Check if vertex exists, create it if it doesn't--igraph is Much Slower than Networkx

Given a name “n1” (string), I want to check whether there exists a vertex having the same name “n1” in a graph. If not, I will add “n1” to the graph.

Currently I have two methods:

  1. Time complexity: O(n).
if "n1" in g.vs["name"]:
    print("Already exists")
  1. O(1), but need to use “try…except”.
    id = g.vs.find("n1")
except ValueError: # does not exist

I wonder which one is better in terms of time, or if there exist other methods?

The answer also depends on how frequently you need to add a new vertex to the graph. If it happens rarely (i.e. you are adding or modifying edges most of the time, and very rarely you also need to add a new vertex), then you can convert g.vs["name"] into a Python set, use the in operator to test whether the name is already in there, and update the set every time you need to add a new vertex. Or, you can use the try..except syntax proposed in your second example, they should be the same in terms of performance if vertex additions are rare.

On the other hand, if vertex additions happen frequently, then maintaining a separate mapping from vertex name to vertex index is the way to go. This is because the Python interface simply invalidates its internal mapping from vertex name to vertex index when a new vertex is added or the name of a vertex is changed. So, if you have 10K nodes and you add one extra node, the mapping is invalidated and will be re-constructed from scratch the next time you try to refer to a vertex by its name. If you have a separate mapping and you know that you simply added a new vertex, you can update the external mapping on your own and not pay the cost of re-constructing the internal mapping at every call to g.vs.find().

The UniqueIdGenerator is a helper class that you may find useful if you care about performance and you are adding vertices frequently to a graph.

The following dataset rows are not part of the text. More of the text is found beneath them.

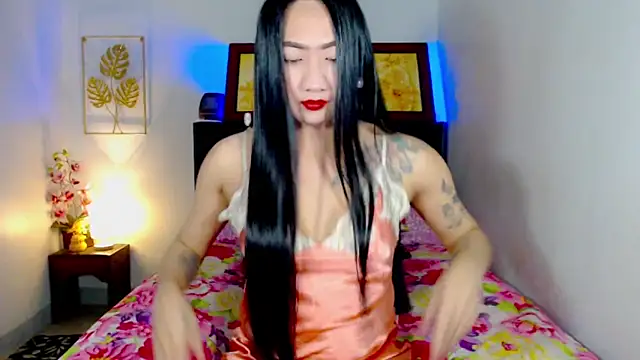 LovelyQueen69 online show from April 12, 2026, 12:03 am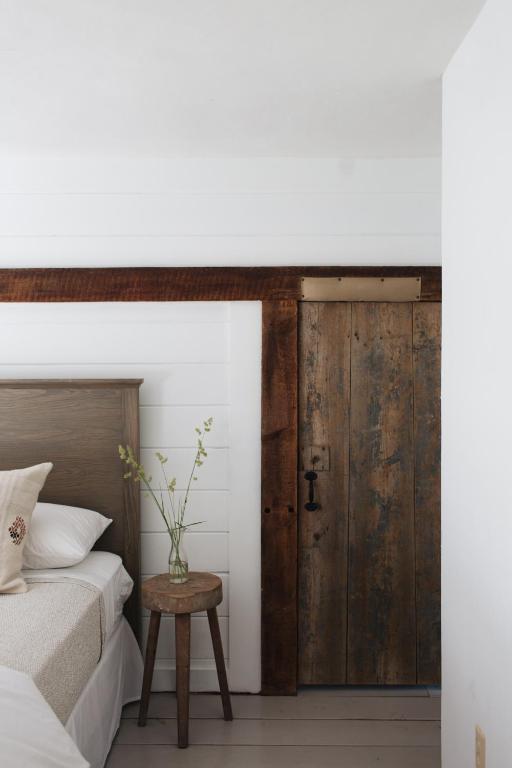 Squire Tarbox Inn - image 3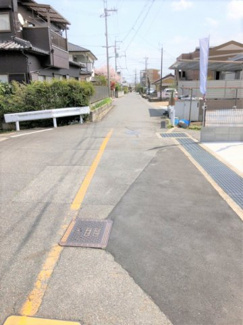【前面道路含む現地写真】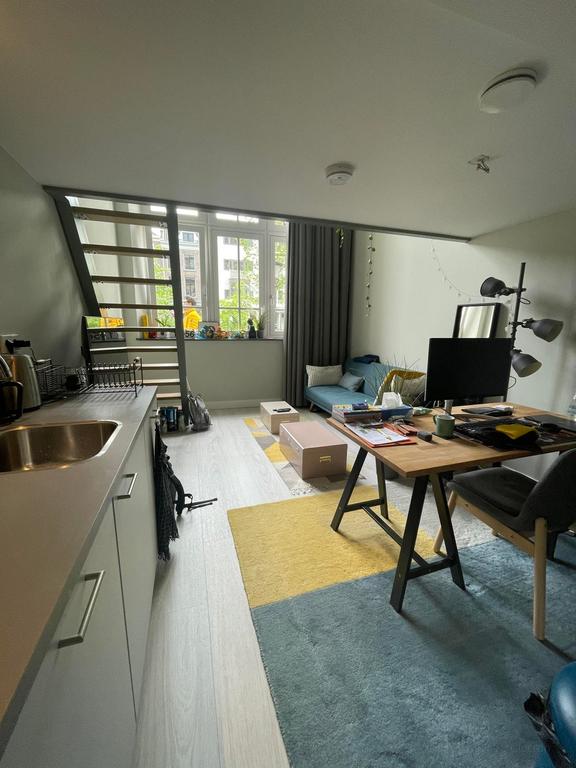 Living on the Oudegracht with a mezzanine - Image 5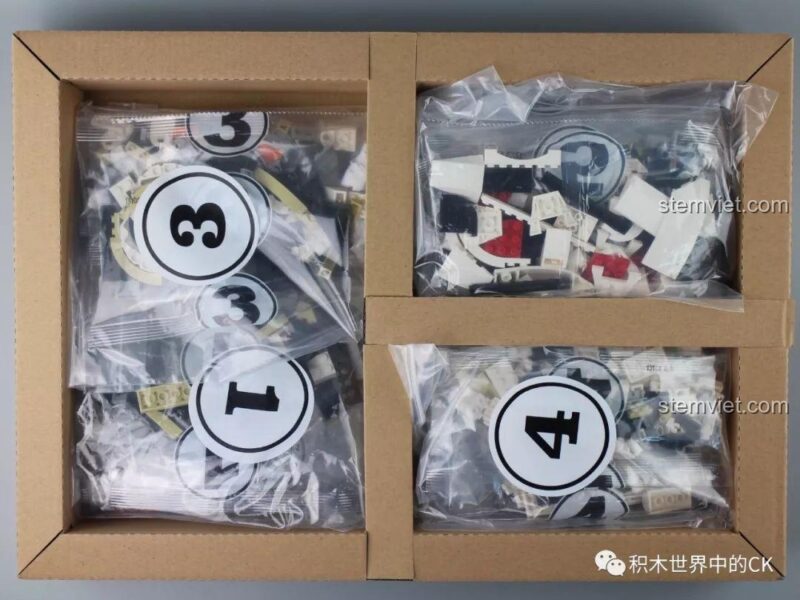 Bên trong hộp bộ đồ chơi Mould King 13103, các túi chi tiết được đánh số rõ ràng để tiện lắp ráp.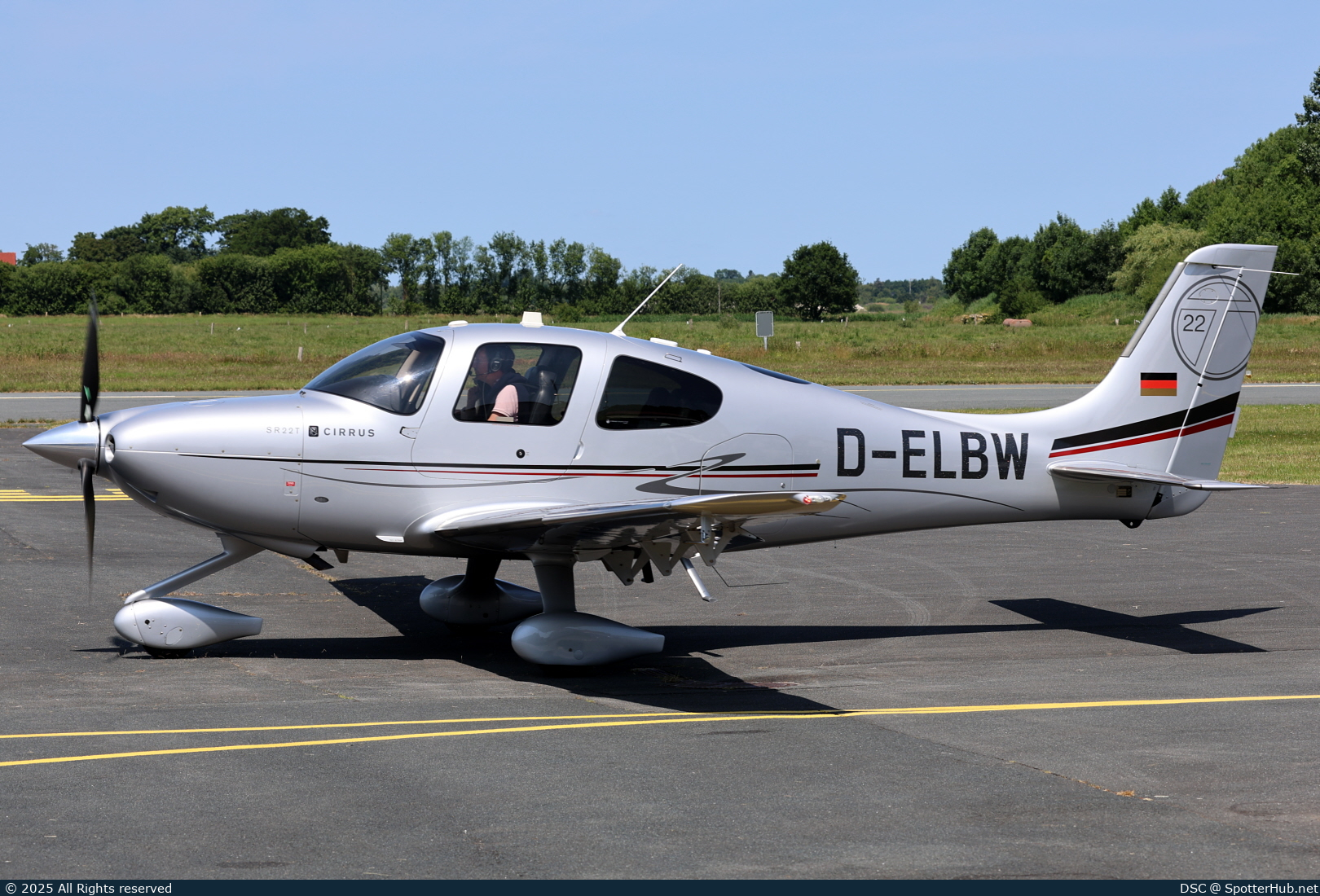 Photo of D-ELBW - Cirrus SR22T G3 operated by Private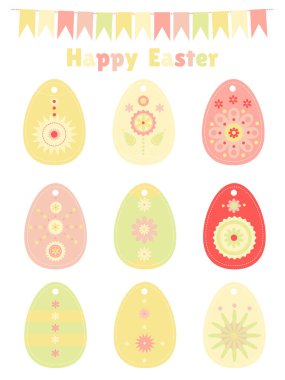 Beyaz bayram için farklı desenlere sahip parlak Paskalya yumurtaları koleksiyonu.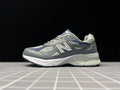 New Balance 990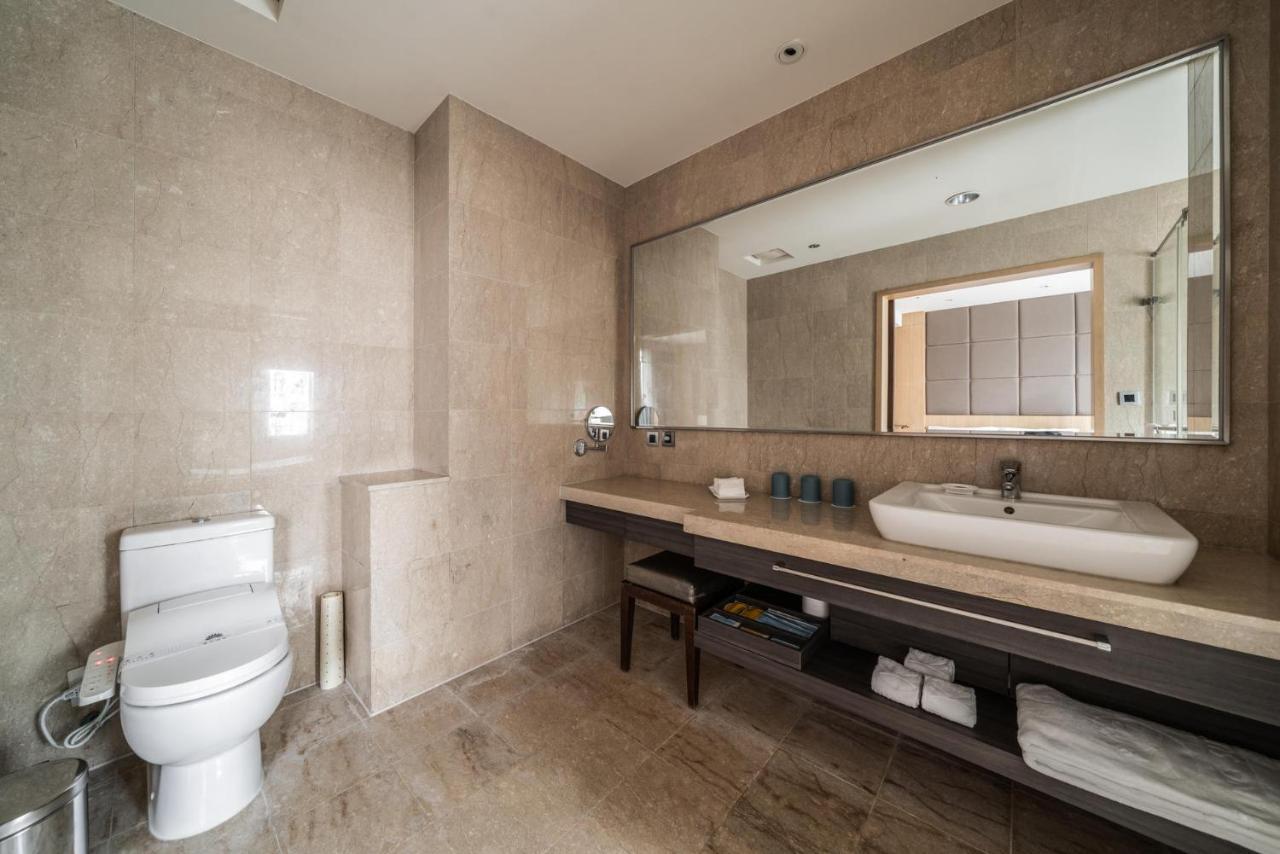 Taipung Suites Tainan Exterior foto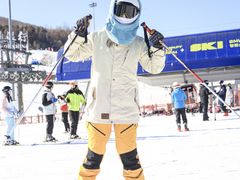 -中旅松花湖滑雪场
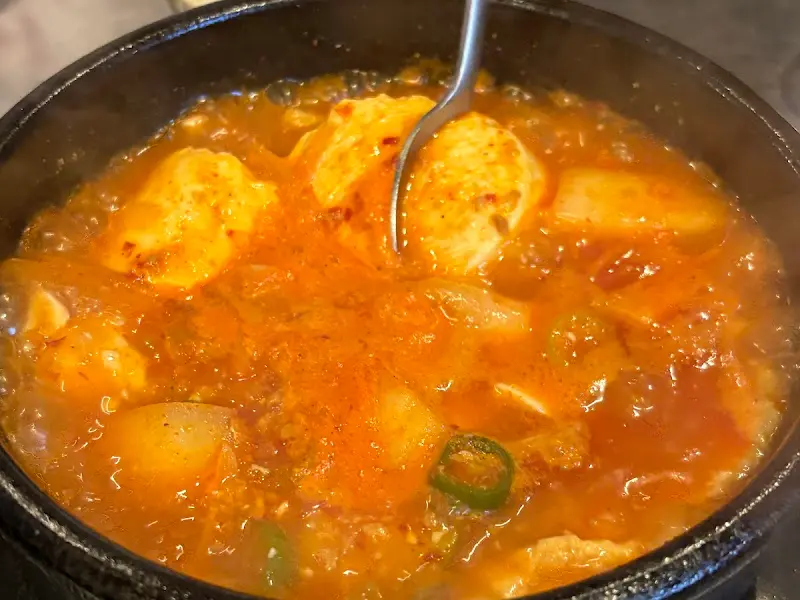 보글보글 끓고 있는 곱창 전골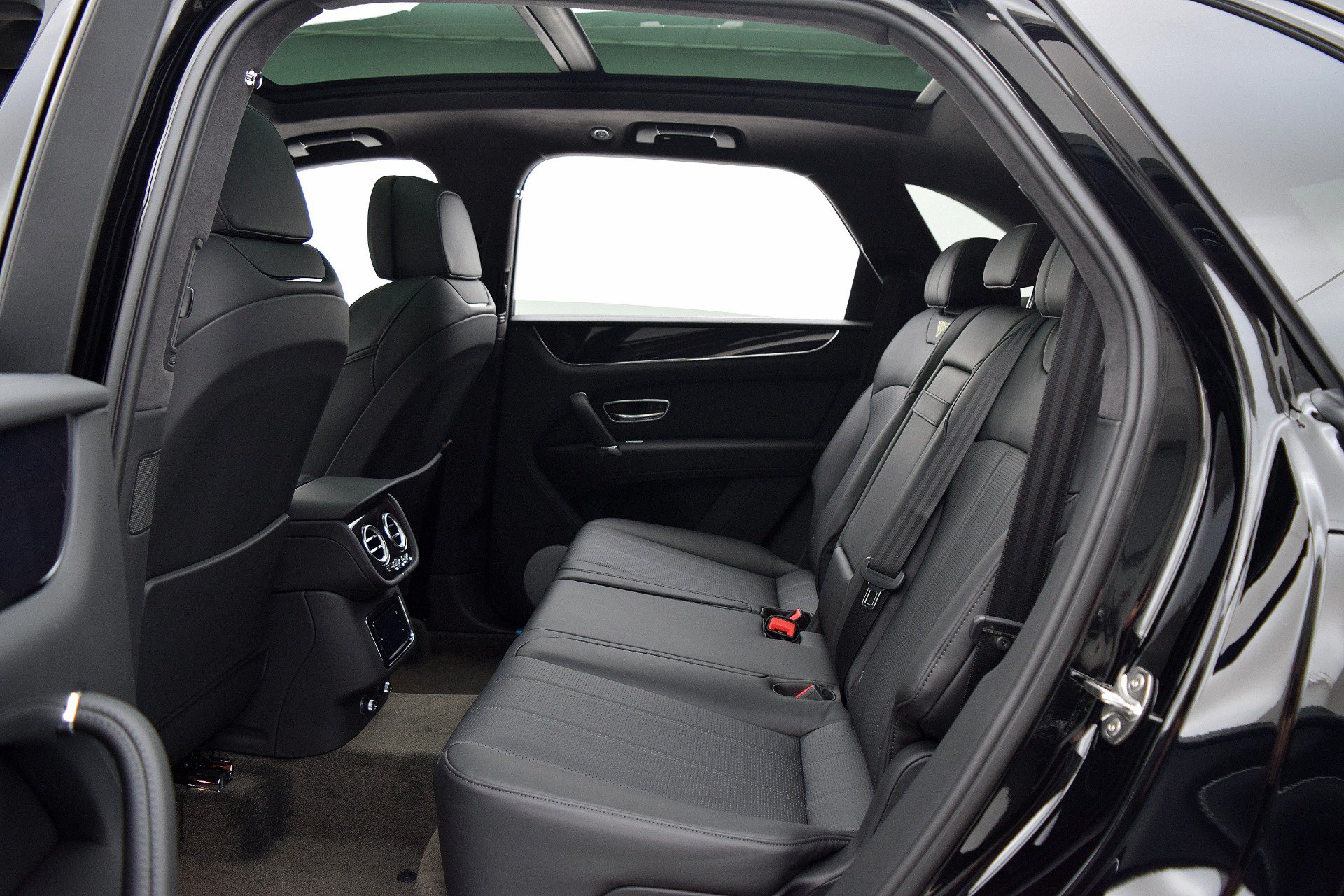 Used 2019 Bentley Bentayga AWD/4WD image 26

Basically, you need to seed a UniqueIdGenerator with the existing names from your graph first:

id_gen = UniqueIdGenerator(initial=g.vs["name"])

and then simply use id_gen["foo"] to look up the ID corresponding to "foo". If "foo" already has an ID, the UniqueIdGenerator will give you that, otherwise it will give you the next available ID. You can then compare the received ID with g.vcount() to check whether you need to add a new vertex or not.

It is a good method to maintain an external set to record names of current vertices in the graph.

However, I find that it is not the essential part to influence the efficiency of adding new vertex to graph. As I have posted in another topic, the operation of adding vertices and edges to an existing graph in python-igraph is less efficient compared with networkx.

This is because in that other example you are adding edges one by one. igraph’s internal data structures are designed for static graphs so the cost of adding a single edge is almost the same as adding many of them. I’ll elaborate on this in the other topic.